© Reuters. File photo: Royal Caribbean logo and stock graph are seen displayed in this illustration taken, May 3, 2022. REUTERS/Dado Ruvic/Illustration/File photo
(Reuters) -Royal Caribbean Group lifted its full-year profit forecast for a third time on Thursday, banking on elevated ticket prices as well as steady demand from customers for leisure travel.
Cruise operators are now reaping the rewards as travelers gravitate to cruise vacations that offer a range of fun activities under one roof and are cheaper compared to taking a land-based holiday.
This has given them the ability to further hike itinerary prices, especially in North America and Europe, as occupancy levels now approach pre-pandemic levels.
The cruise company said occupancy in the third quarter was 109.7%, up from 105% reported in the second quarter.
Royal Caribbean (NYSE:) expects annual adjusted profit between $6.58 and $6.63 per share, compared with its earlier forecast of $6.00 to $6.20.
However, shares of Royal Caribbean reversed course to be down marginally in volatile premarket trade after the company said its full-year earnings per share would take an 18-cent hit from higher fuel prices and a stronger dollar.
The Miami, Florida-based company also said the ongoing military conflict in the Middle East is also expected to hit its annual profit by 3 cents.

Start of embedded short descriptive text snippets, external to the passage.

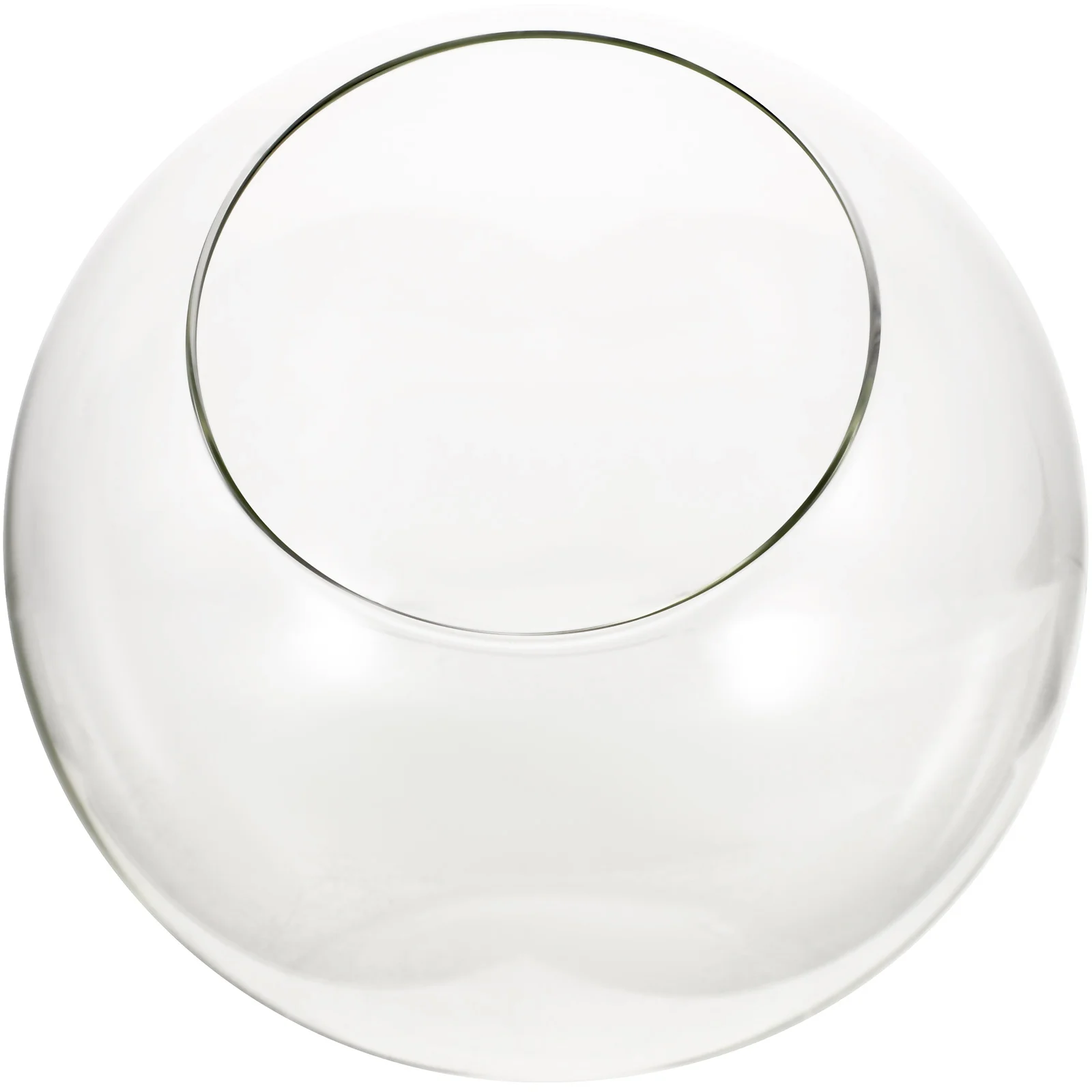 

Glass Terrarium Moss Plant Bottle Small Elegant Slant Opening Succulent Air Plant Display Micro Landscape DIY Decorative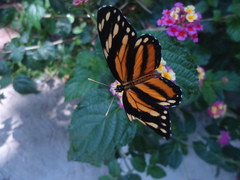 Eresia phillyra phillyra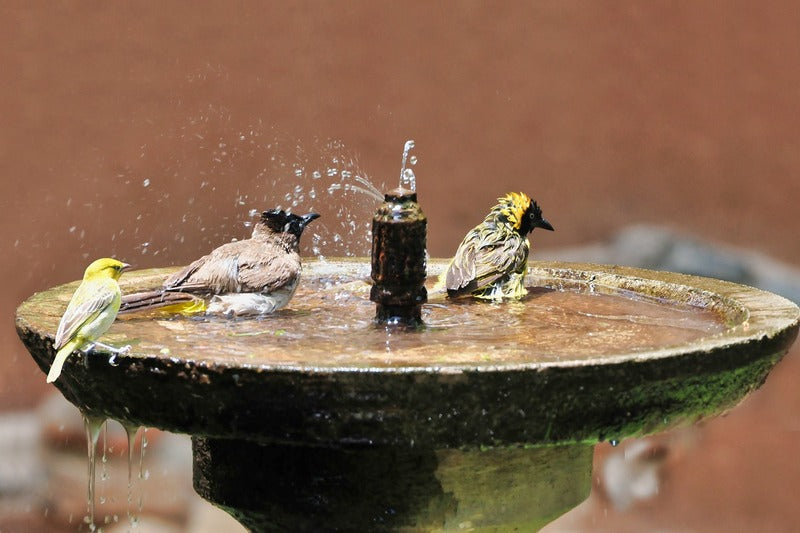 Bird Bath Guide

Peer Carnival (NYSE:) in September narrowed its annual loss forecast and posted a third-quarter profit after reporting a loss a year earlier, but investors showed deep concerns around steeper fuel costs.
Rival Norwegian Cruise Line (NYSE:) reports third-quarter results on Nov. 1.
Royal Caribbean’s quarterly total revenue rose 39% to $4.16 billion, compared with estimates of $4.08 billion, according to LSEG data.
The company also expects an adjusted profit between $1.05 and $1.10 per share in the fourth quarter, compared with analysts’ expectations of $1 per share.
On an adjusted basis, the company earned $3.86 per share, compared with estimates of $3.46.